I made a maquette which I took to the studio of Abigail Simpson in Margate to up scale my piece and receive mentoring.  A large ceramic sculpture is physically demanding, indomitably present, unwieldy…it required a steady build over time. I had to commit to my original idea,  to plan.

As I worked on the piece I could physically shelter in the cave-like shell I created and the difference between the rolling façade and inner skin of the body was impactful.

During its construction, I went to the milk of dreams at the Venice Biennale to see the work of many Artists, predominantly devoted to women Artists who were exhibiting. This was incredibly validating. I stood before the mammoth constructions, (eg. Simone Leigh) far larger than my largest piece.

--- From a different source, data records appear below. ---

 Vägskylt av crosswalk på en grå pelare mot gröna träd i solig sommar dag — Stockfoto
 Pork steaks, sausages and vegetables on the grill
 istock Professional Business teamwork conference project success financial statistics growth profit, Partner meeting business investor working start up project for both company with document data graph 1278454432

I saw work in ceramic (eg Gabriel Chaile), textile and glass (Kerstan Bratsc) and I saw emotional subjective work the likes of which I hadn’t seen on show since the women’s artwork of the 1980s with work that paid homage it seemed to fabric and stitch and craft skills.  My work would not have looked out of place at the Venice Biennale which was really amazing to realise. The emphasis on the process of making was often evident and the inventive use of media. It gave me a sense of liberation, I too can make anything.

These experiences have been enriching and validating. Not just the viewing of art but visiting and moving around unknown cities, making choices, reflecting on my internal experiences and the external appearance of myself in unfamiliar environments.

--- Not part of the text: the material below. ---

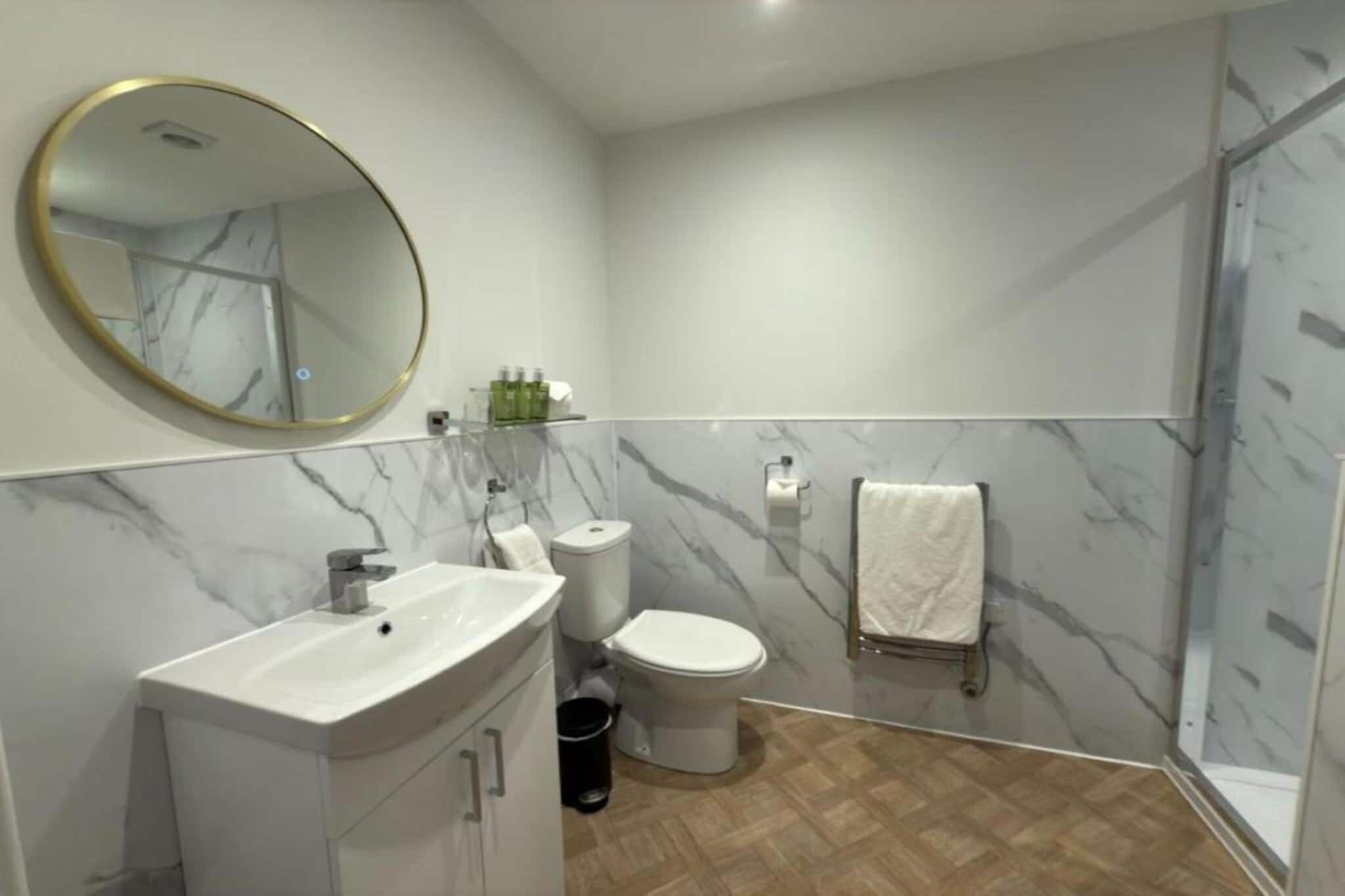Un bagno moderno con parete in marmo, uno specchio rotondo, un lavabo, un water e una zona doccia.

At the same time, I have been receiving mentoring with Dr Sarah Lightman following the Digital Narrative Course at the Royal Drawing School. Organising a lifetime’s work into themes and setting up a private insta page to reflect on with Sarah I have found a single container for my writing, drawings, making, photography and film. The running narrative which initially felt random and uncontained begins to mirror and further affirm my areas of enquiry as an Artist and my creative process. I am looking to publish these pages having been inspired by the booklets of Ida Applebroog shown at Hauser and Wirth in Somerset earlier this year.

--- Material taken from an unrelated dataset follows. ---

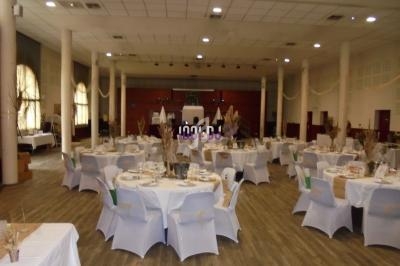 Salle de réception décorée avec des tables rondes dressées, nappes blanches et chaises assorties, éclairage naturel.
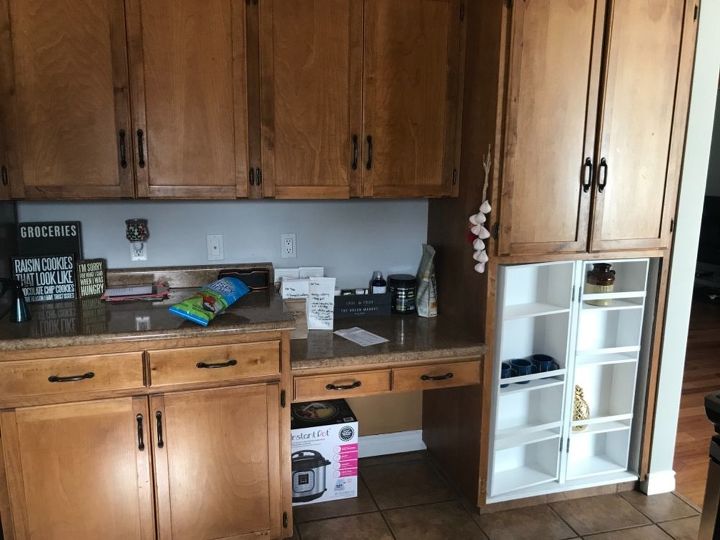 q missing cupboard door to kitcheb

Ida self-published her art booklets in the 1970s and distributed them widely in New York. Making large sculpture is one way of taking up space for sure but being able to reach a broad audience in an everyday media is another way that has an immediacy and intimacy to it that I like. Ida left her family to go to New York because she needed to be with other Artists and I can concur that developing a peer group of other Artists has run in parallel to my making , travelling and study.

I have been holding back from writing this post as if waiting for some kind of moment of arrival but I realise that moving with great enthusiasm in the process is the moment I have been seeking. It is a continuation enriched by many experiences and people.

There have been and are further developments in my making with glass also which I will save for another post.